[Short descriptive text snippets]
▽

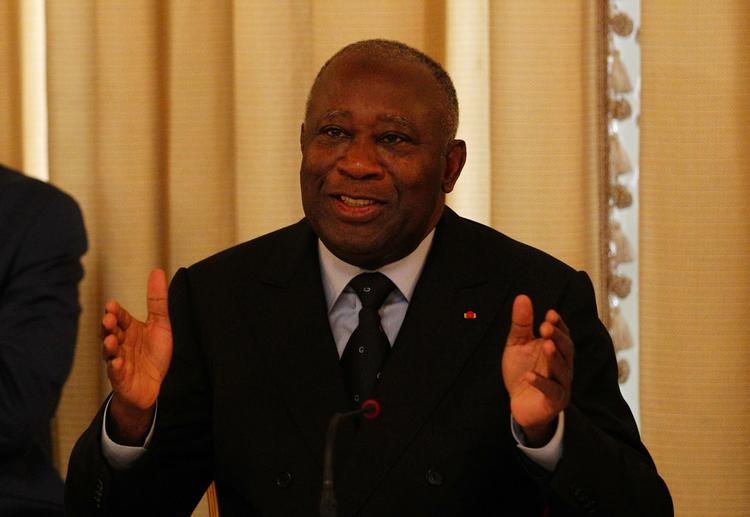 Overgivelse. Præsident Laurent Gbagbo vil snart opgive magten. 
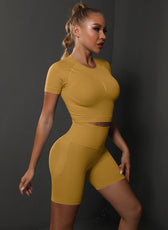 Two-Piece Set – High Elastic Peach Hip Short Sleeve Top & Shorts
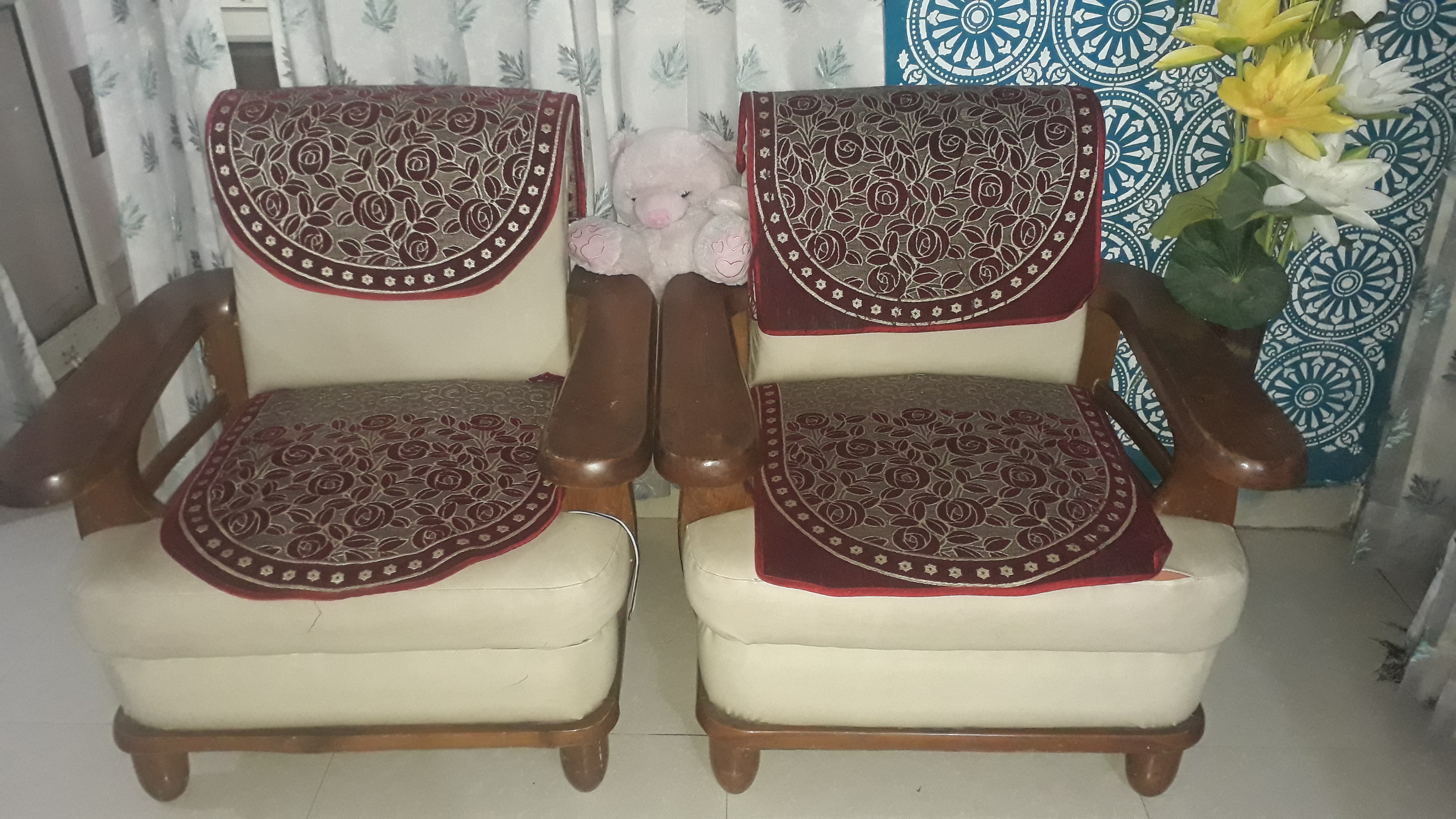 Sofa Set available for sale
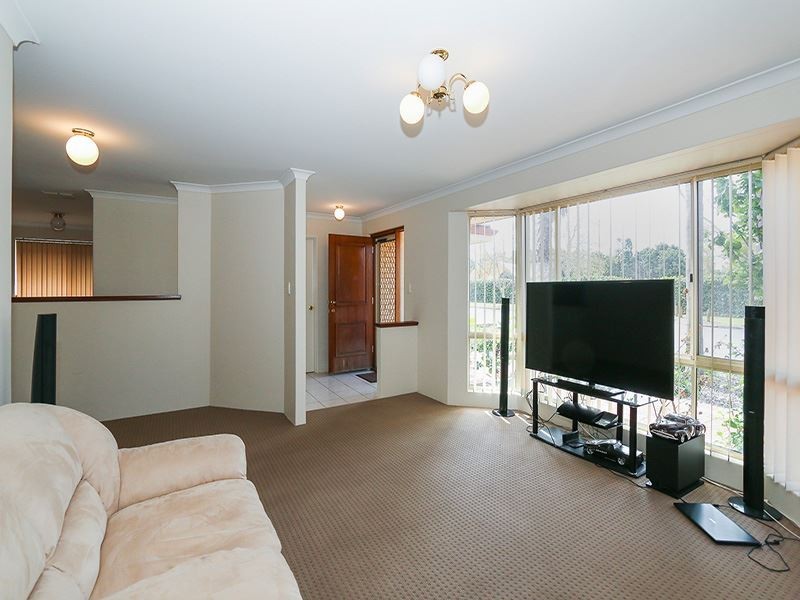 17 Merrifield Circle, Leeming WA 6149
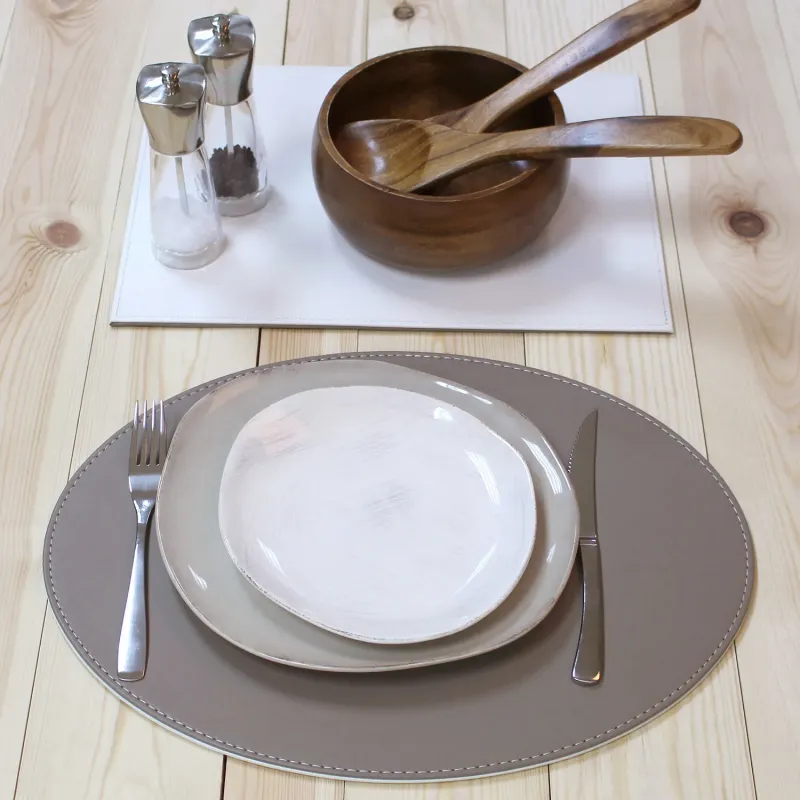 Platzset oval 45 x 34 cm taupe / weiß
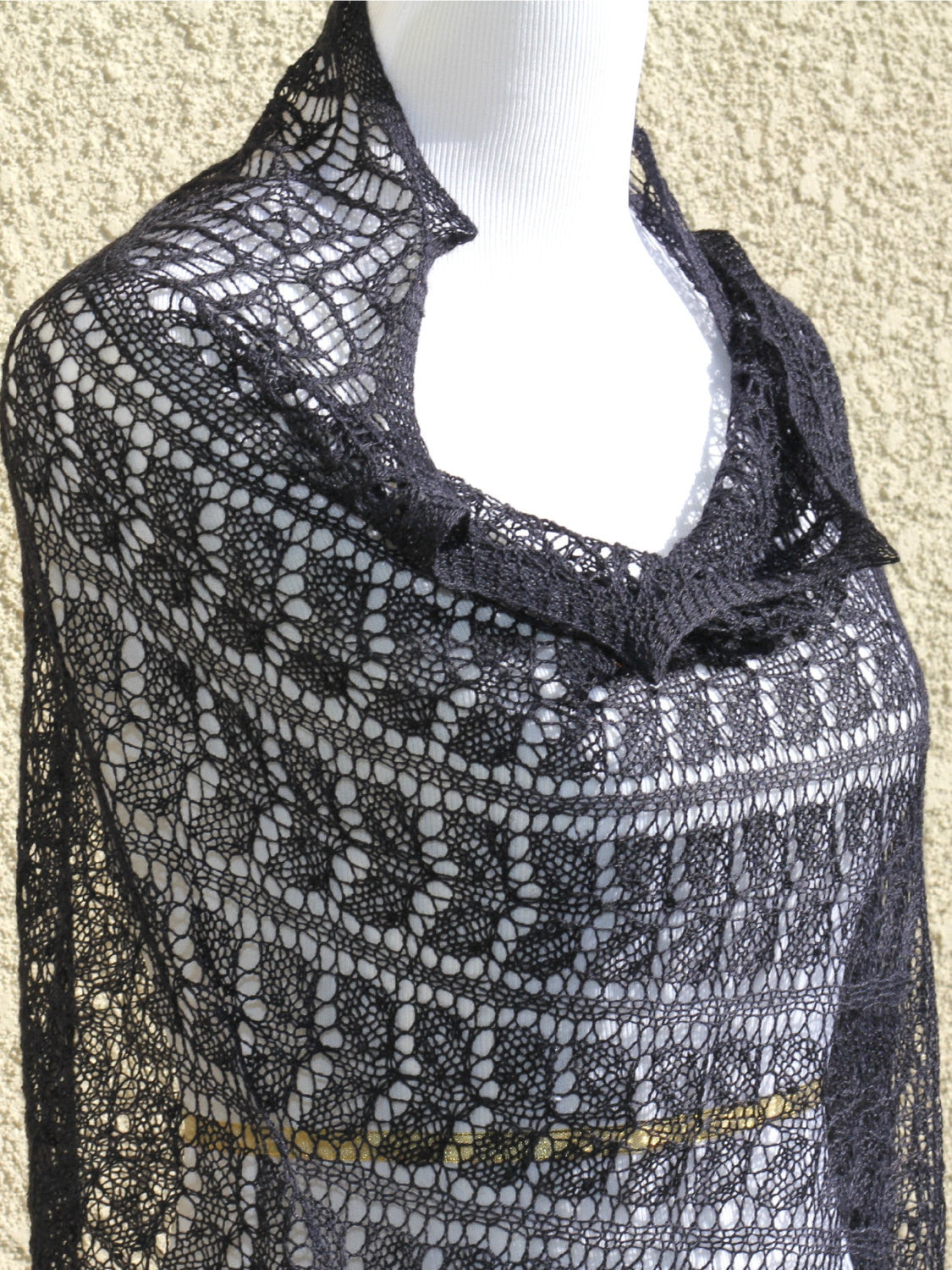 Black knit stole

△

Give again exactly the lines from the one holding "Two-Piece Set –" to the final line of the records, both ends included, and nothing more. Pictures do not belong in the copy.

 Two-Piece Set – High Elastic Peach Hip Short Sleeve Top & Shorts
 Sofa Set available for sale
 17 Merrifield Circle, Leeming WA 6149
 Platzset oval 45 x 34 cm taupe / weiß
 Black knit stole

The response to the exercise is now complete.